Content starts

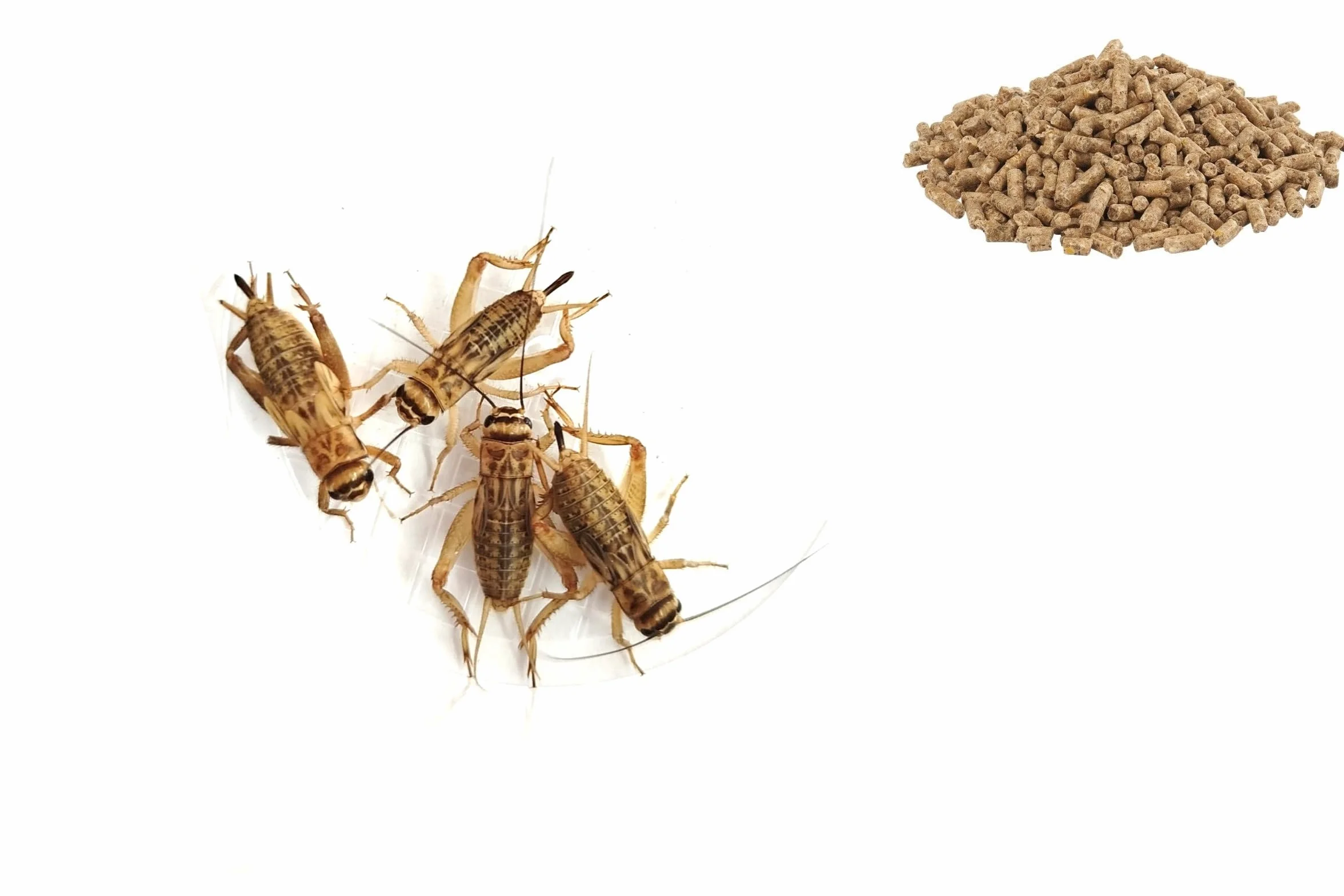 MANGIME COMPLETO PER GRILLI ACHETA DOMESTICUS - 200 gr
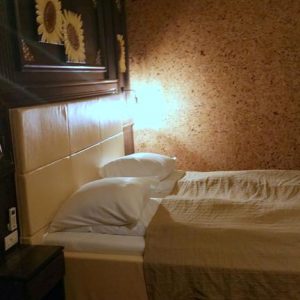 Hotel Golden Spirit - Băile Herculane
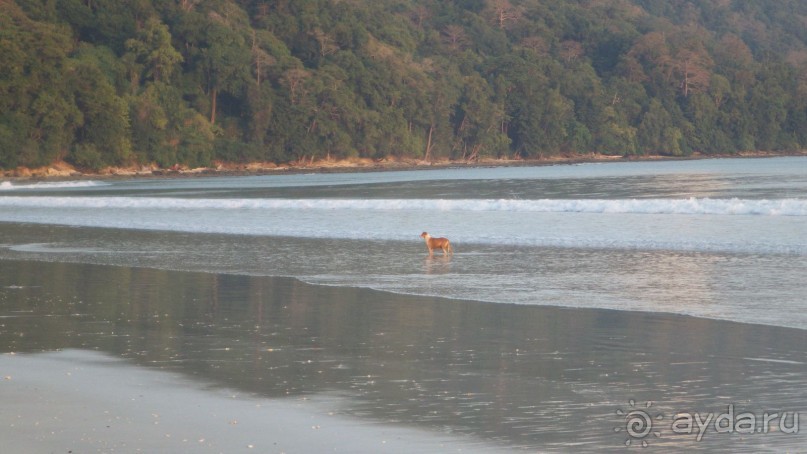 Тридцать и одна ночь. Юго-Восточные сказки. Непал-Индия апрель-май 2071года.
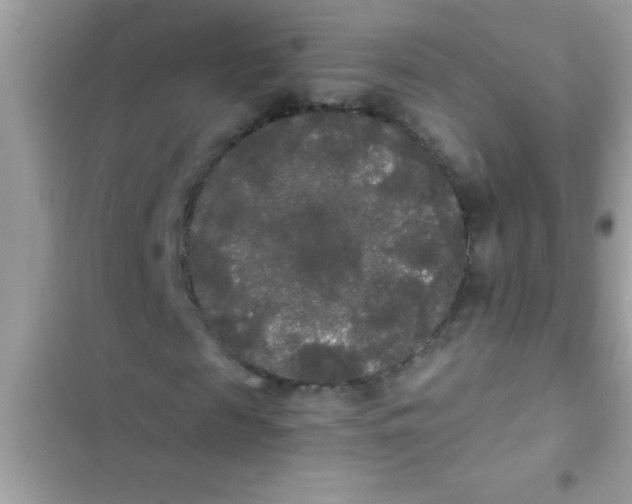 X0000103310817200809191915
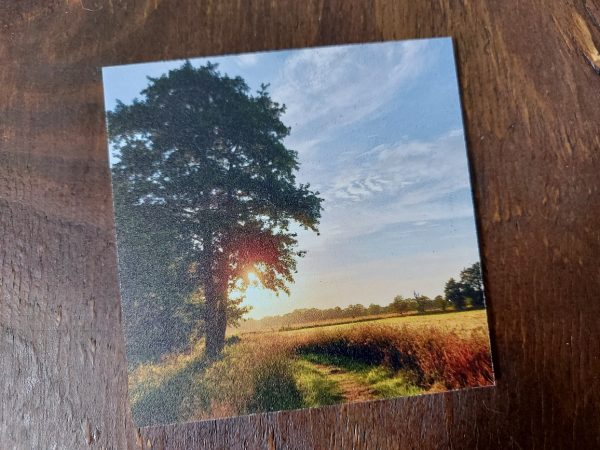 Landelijke onderzetters – Boom met zonsondergang bij graanveld - Forex - Afbeelding 4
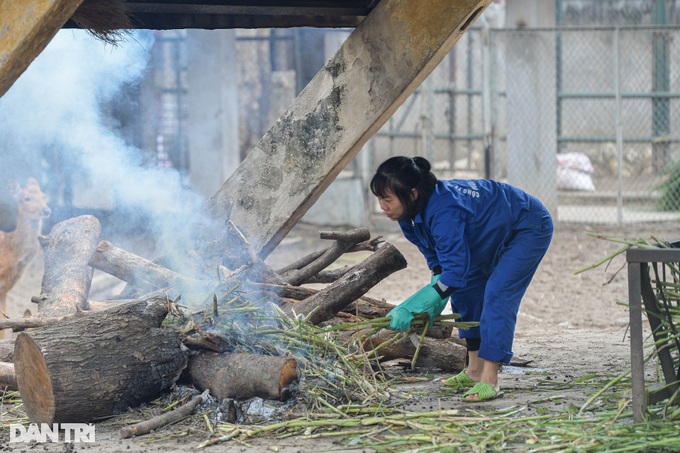 Hanoi zoo lights fires to keep animals warm - 8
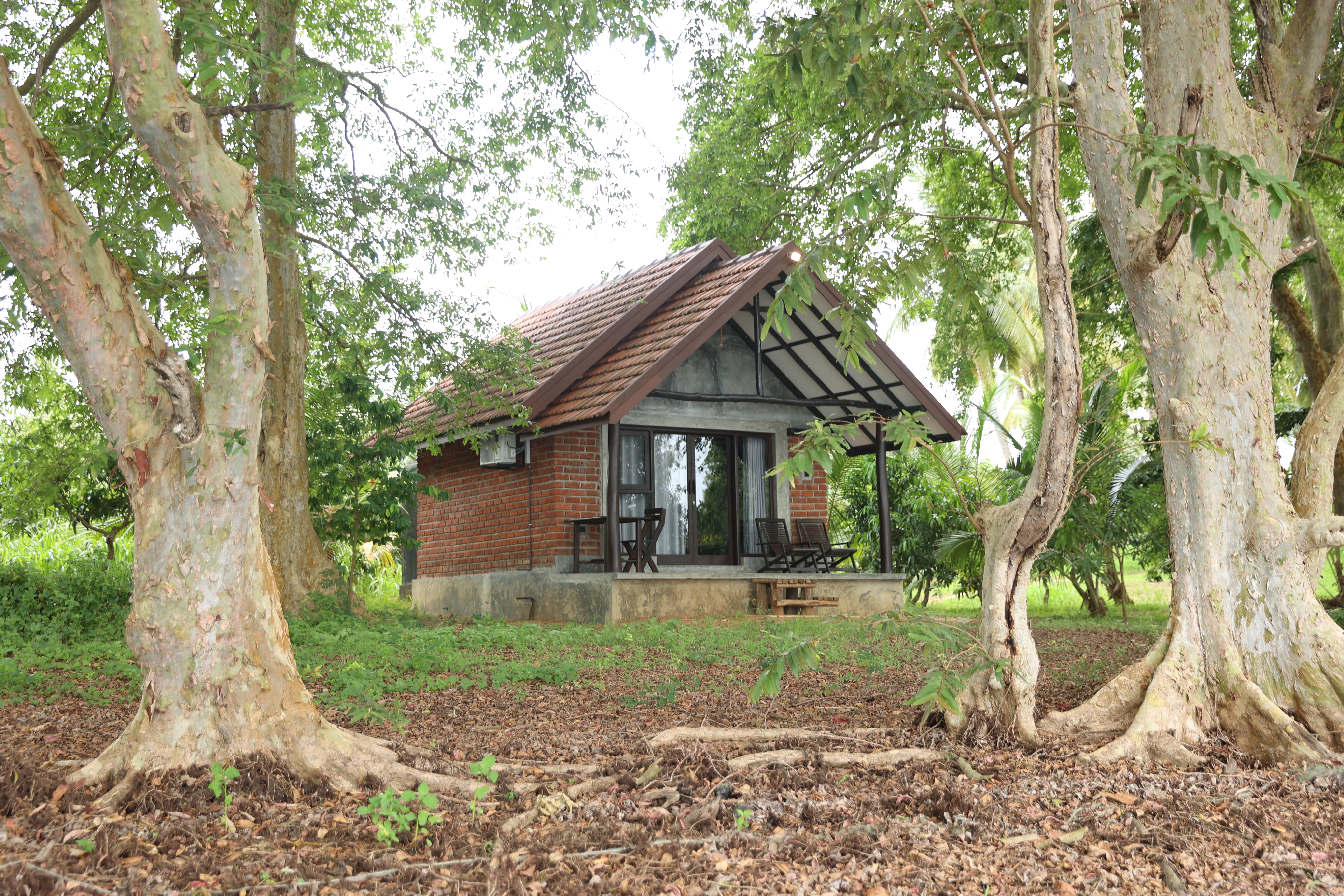 Cottage exterior among the trees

Content ends

- Assignment
Extract, verbatim and alone, the lines from the line that contains "Landelijke onderzetters –" to the last line of the records, inclusive; drop any picture.

- Expected answer
 Landelijke onderzetters – Boom met zonsondergang bij graanveld - Forex - Afbeelding 4
 Hanoi zoo lights fires to keep animals warm - 8
 Cottage exterior among the trees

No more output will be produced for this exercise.